In the first three centuries, the Church did not feel the need to give an explicit formulation of her faith in the Holy Spirit. For example, in the Church’s most ancient Creed, the so-called Symbol of the Apostles, after proclaiming: “I believe in God the Father almighty, Maker of heaven and earth, and in Jesus Christ, His only Son, our Lord, who was born, died, descended into hell, rose again from the dead and ascended into heaven,” adds: “I believe in the Holy Spirit” and nothing more, without any specification.
But it was heresy that drove the Church to define this faith. When this process began – with Saint Athanasius in the fourth century – it was precisely the experience she had of the sanctifying and divinizing action of the Holy Spirit that led the Church to the certainty of the full divinity of the Holy Spirit. This occurred during the Ecumenical Council of Constantinople in 381, which defined the divinity of the Holy Spirit with the well-known words we still repeat today in the Creed: “I believe in the Holy Spirit, the Lord, the giver of life, who proceeds from the Father and the Son, who with the Father and the Son is adored and glorified, who has spoken through the prophets.”
To say that the Holy Spirit “is the Lord” was like saying that He shares the “Lordship” of God, that He belongs to the world of the Creator, not to that of creatures. The strongest affirmation is that He is due the same glory and adoration as the Father and the Son. It is the argument of equality in honour, dear to Saint Basil the Great, who was the main architect of that formula: the Holy Spirit is the Lord, He is God.
The Council definition was not a point of arrival, but of departure. And indeed, once the historical reasons that had obstructed a more explicit affirmation of the divinity of the Holy Spirit had been overcome, this was confidently proclaimed in the worship of the Church and in her theology. Saint Gregory of Nazianzus, in the aftermath of the Council, went on to state without hesitation: “Is the Holy Spirit then God? Certainly! Is He consubstantial? Yes, if He is true God” (Oratio 31, 5.10).
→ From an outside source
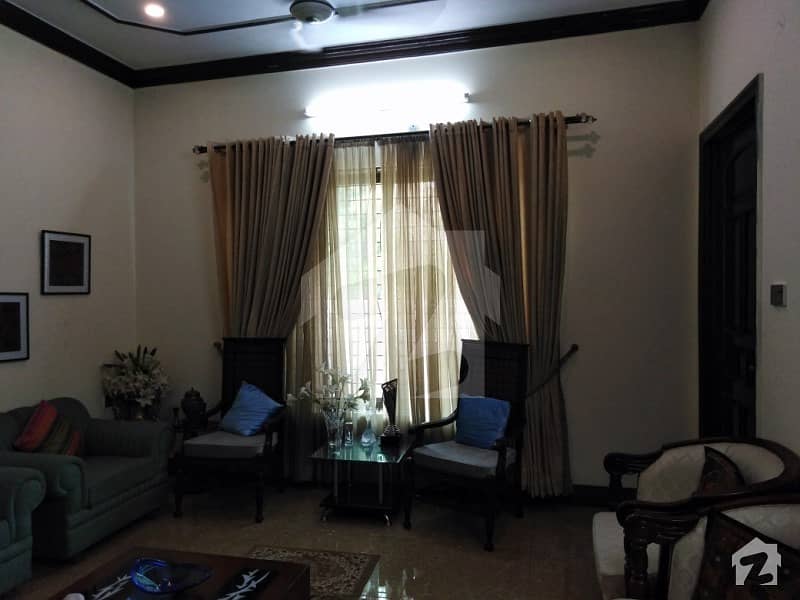 فیصل گارڈنز فیصل آباد میں 9 کمروں کا 10 مرلہ مکان 3.25 کروڑ میں برائے فروخت۔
What does the article of faith we proclaim every Sunday at Mass say to us, believers of today: “I believe in the Holy Spirit”? In the past, it was mainly concerned with the statement that the Holy Spirit “proceeds from the Father.” The Latin Church soon supplemented this statement by adding, in the Creed of the Mass, that the Holy Spirit proceeds “also from the Son.” Since in Latin the expression “and from the Son” is called ‘Filioque,’ this gave rise to the dispute known by this name, which has been the reason (or pretext) for so many disputes and divisions between the Church of the East and the Church of the West. It is certainly not the case to address the issue here, which, moreover, in the climate of dialogue established between the two Churches, has lost the acrimony of the past and today allows us to hope for full mutual acceptance, as one of the main “reconciled differences.” I like to say this: “reconciled differences.” Among Christians there are many differences: he belongs to this school, that other one; this person is a Protestant, that person… The important thing is that these differences are reconciled, in the love of walking together.
Having overcome this obstacle, today we can value the most important prerogative for us that is proclaimed in the article of the Creed, namely that the Holy Spirit is “life-giving,” the “giver of life.” Let us ask ourselves: what life does the Holy Spirit give? At the beginning, in creation, the breath of God gives Adam natural life; the statue of mud is made “a living being” (cf. Gen 2:7). Now, in the new creation, the Holy Spirit is He who gives believers new life, the life of Christ, supernatural life, as children of God. Paul can exclaim: “The law of the Spirit of life in Christ Jesus has set me free from the law of sin and death” (Rom 8:2).
In all of this, where is the great and consoling news for us? It is that the life given to us by the Holy Spirit is eternal life! Faith frees us from the horror of having to admit that everything ends here, that there is no redemption for the suffering and injustice that reign sovereign on earth. Another of the Apostle’s words assures us of this: “If the Spirit of Him who raised Jesus from the dead dwells in you, He who raised Christ Jesus from the dead will give life to your mortal bodies also through His Spirit who dwells in you” (Rom 8:11). The Spirit dwells in us, He is within us.
Let us cultivate this faith also for those who, often through no fault of their own, are deprived of it and are unable to give meaning to life. And let us not forget to thank Him, who with His death, obtained this inestimable gift for us!